- Task requirements
Copy out nothing but the lines from the one holding "Lilypond 13 |" through the end of the entries below, exactly as written and without the pictures.

═══ Provided information

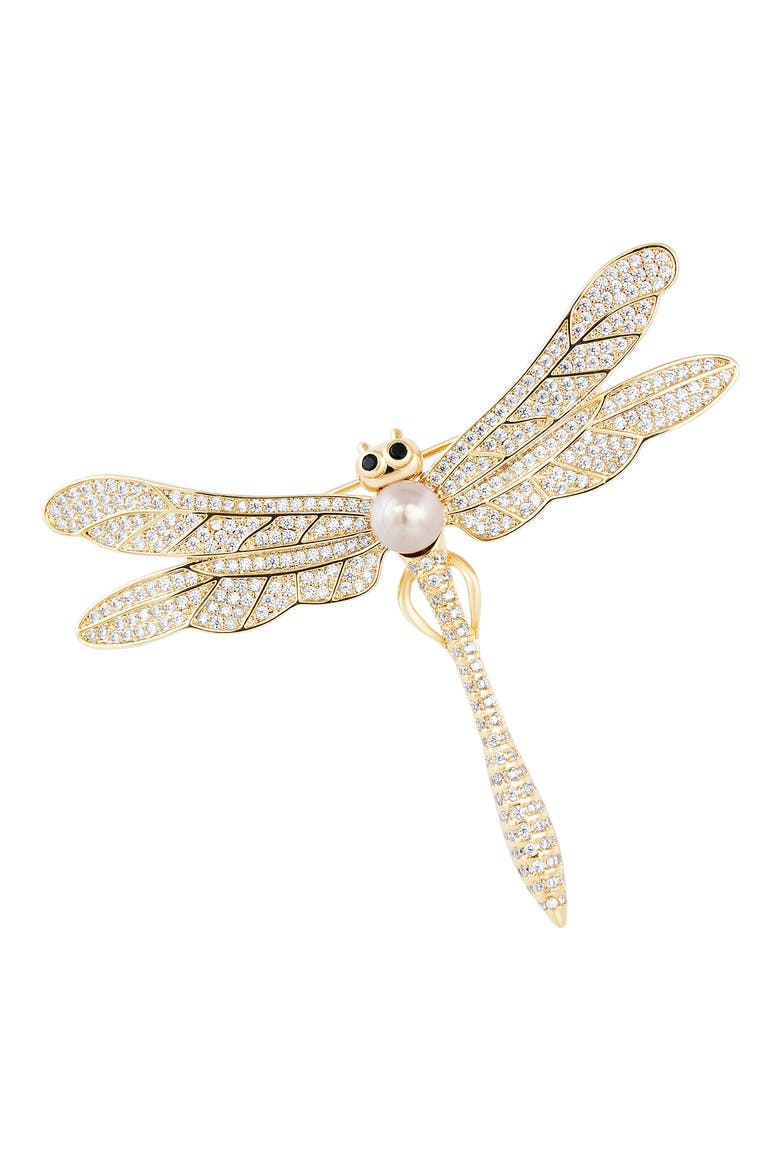 Cubic Zirconia & Imitation Pearl Dragonfly Brooch, Alternate, color, YELLOW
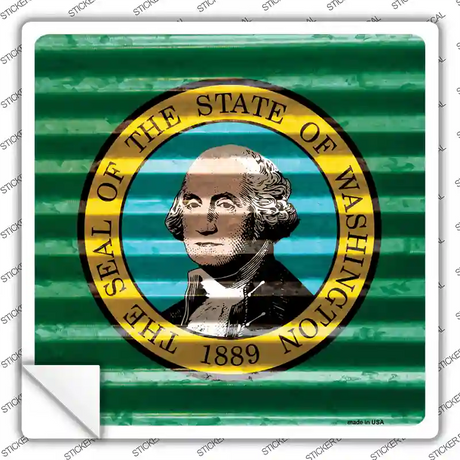 Washington Flag Corrugated Effect Novelty Square Sticker Decal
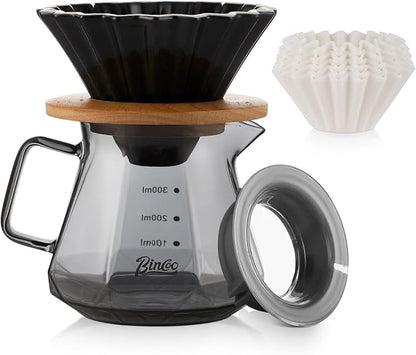 Bincoo 400ML Pour Over Coffee Maker Set with Filter Paper,Ceramic Coffee Dripper with Wood Stand Set for 1-2 Cups-Professional Brewing Tools for Pour Over & Drip for Home Office (Black)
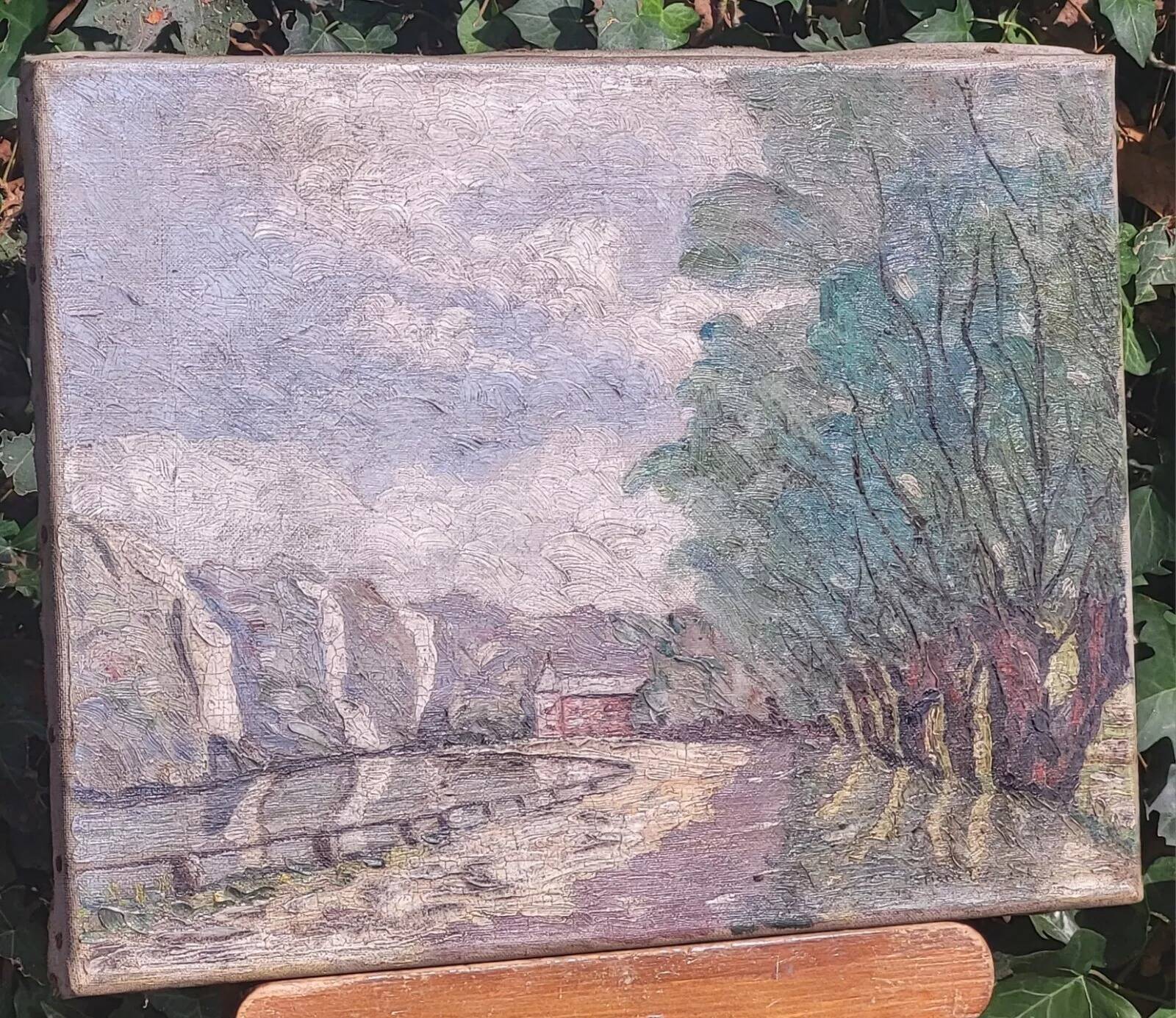 Mid 20th Century Landscape Oil Painting of Crater Lake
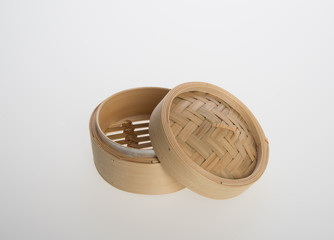 Chinese Bamboo Steamed or Bamboo Steamed for dimsum on background.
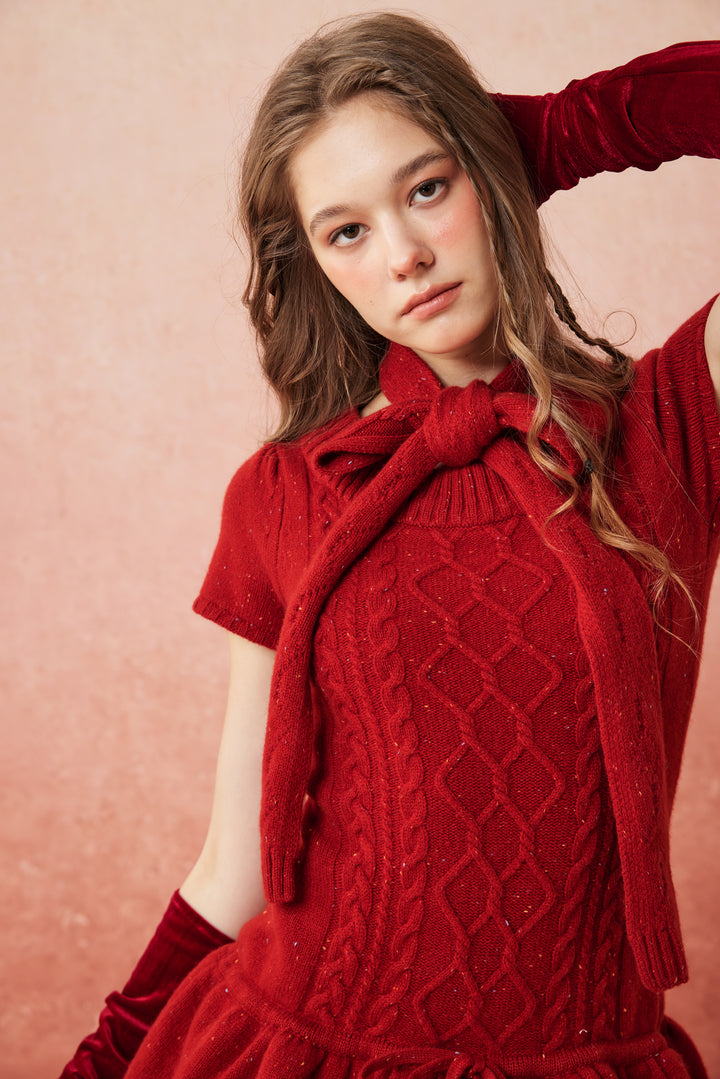 Lilypond 13 | 100% Wool Cable Knit Tiered Dress with scarf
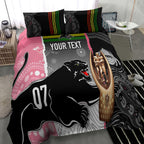 personalised-panther-rugby-nrl-premiers-bedding-set-panther-pride-black-pink-aboriginal-mix-art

══════

- Your solution
 Lilypond 13 | 100% Wool Cable Knit Tiered Dress with scarf
 personalised-panther-rugby-nrl-premiers-bedding-set-panther-pride-black-pink-aboriginal-mix-art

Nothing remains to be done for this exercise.